Altri pezzi strepitosi di questo periodo sono il busto in bronzo della Diana saettante rinvenuto nel Tempio di Apollo e il mosaico dalla Casa del Fauno, realizzato con tessere tanto piccole da far pensare all’opera di mosaicisti provenienti da Alessandria d’Egitto. Rappresenta una scena con Fauna marina, racchiusa da una cornice con motivi vegetali e amorini.
Come ha dichiarato Alfonsina Russo, per Pompei il secolo d’oro è proprio
“il II secolo a.C., quando Roma si apre ai commerci marittimi e arriva fino alla penisola Iberica, da una parte, e all’Egeo e alla Grecia, dall’altra, importando oggetti, ma anche saperi, maestranze e tecnologie”.
Grazie al suo porto, Pompei è coinvolta nella progressiva crescita di una rete commerciale sempre più legata alla navigazione a lunga distanza, tanto che famiglie di mercanti pompeiani e campani sono attestate nei principali scali del Mediterraneo e perfino nel deserto nubiano e nel Mar Rosso.
A testimoniare l’ampiezza delle relazioni internazionali c’è in mostra anche una statuetta indiana in avorio della dea Lakshmi (la sposa di Visnù), ritrovata in una domus pompeiana, appartenente probabilmente a una famiglia di impresari navali. Data la nudità della dea, questa meraviglia esotica fu relegata inizialmente nel Gabinetto segreto del Museo archeologico di Napoli, insieme ai reperti giudicati “pornografici” (foto 5).
Intorno al 120 a.C. si ha la massima fioritura del cosiddetto I stile, ovvero una pittura decorativa che imita, utilizzando in alcuni casi anche elementi a rilievo in stucco, il rivestimento delle pareti in opera quadrata o con lastre di marmo.

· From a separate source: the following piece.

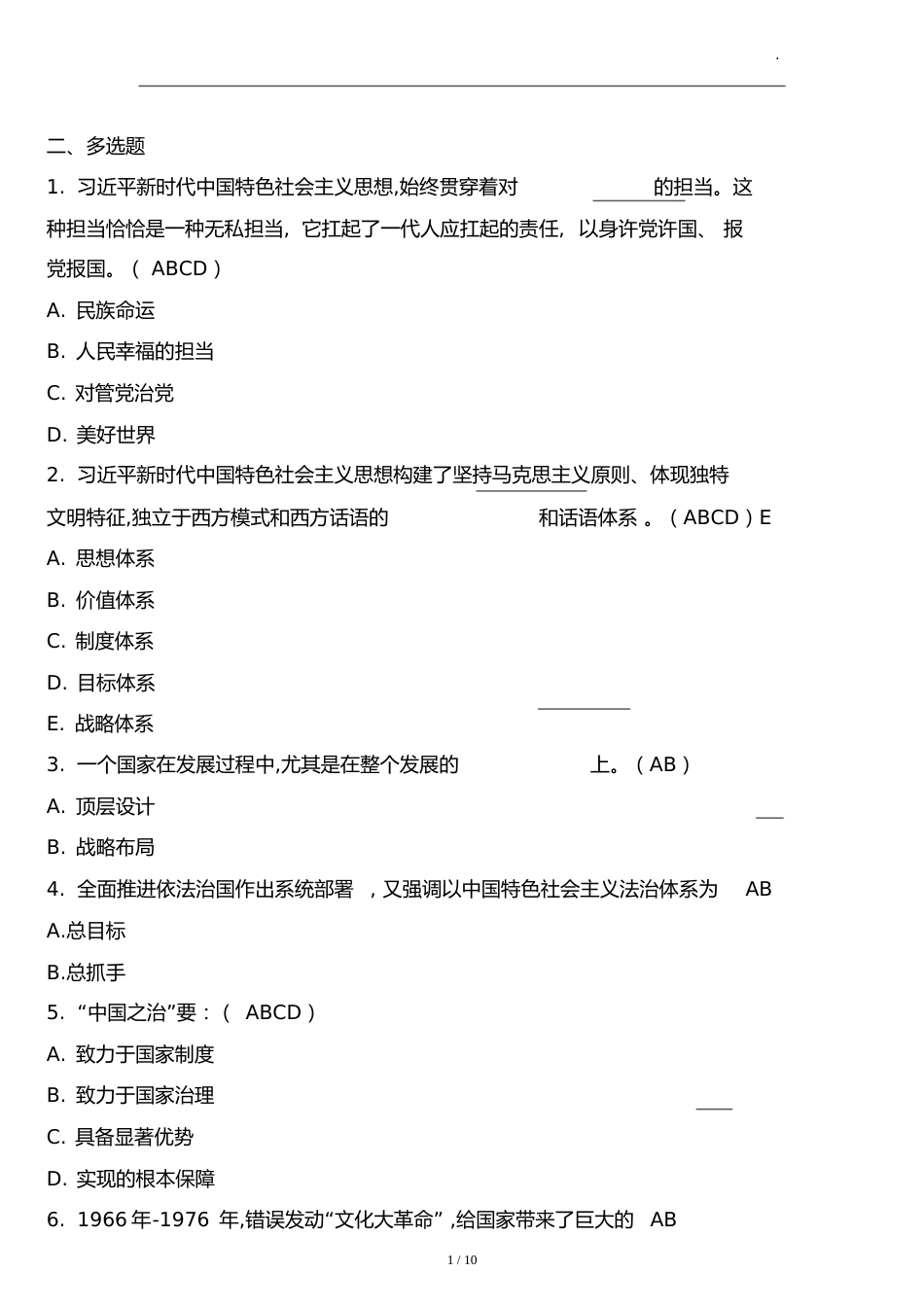 2020年专业技术人员继续教育公需课试题及答案(最新)[共7页]_第3页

Un momento critico per Pompei è quello dell’assedio da parte di Silla, durante la guerra sociale tra Roma e i suoi vecchi alleati italici (91-89 a.C.), quando le mura e le abitazioni nelle loro vicinanze vengono danneggiate. È forse nell’89 a.C. che Pompei diventa municipium, in seguito alla concessione della cittadinanza romana alle città alleate, che passano dalla lingua osca a quella latina, e nell’80 a.C. Silla fonda una colonia di suoi veterani ribattezzata Cornelia Veneria Pompeianorum.

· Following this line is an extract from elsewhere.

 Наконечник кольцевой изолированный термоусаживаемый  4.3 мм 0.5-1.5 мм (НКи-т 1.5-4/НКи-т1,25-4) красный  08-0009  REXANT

Il nome fa riferimento sia a Lucio Cornelio Silla, sia alla Venere pompeiana, considerata la protettrice dei naviganti e ricordata in mostra da una statua in terracotta del II-I sec. a.C., proveniente dal santuario di Fondo Iozzino (Pompei, Parco archeologico) (foto 6).
Proviene invece da Ostia la statua in terracotta di una divinità in trono (I-II secolo d.C.), che ha una qualche affinità con quella di Venere, per via della trasparenza della veste, ma probabilmente si tratta di Iside-Fortuna.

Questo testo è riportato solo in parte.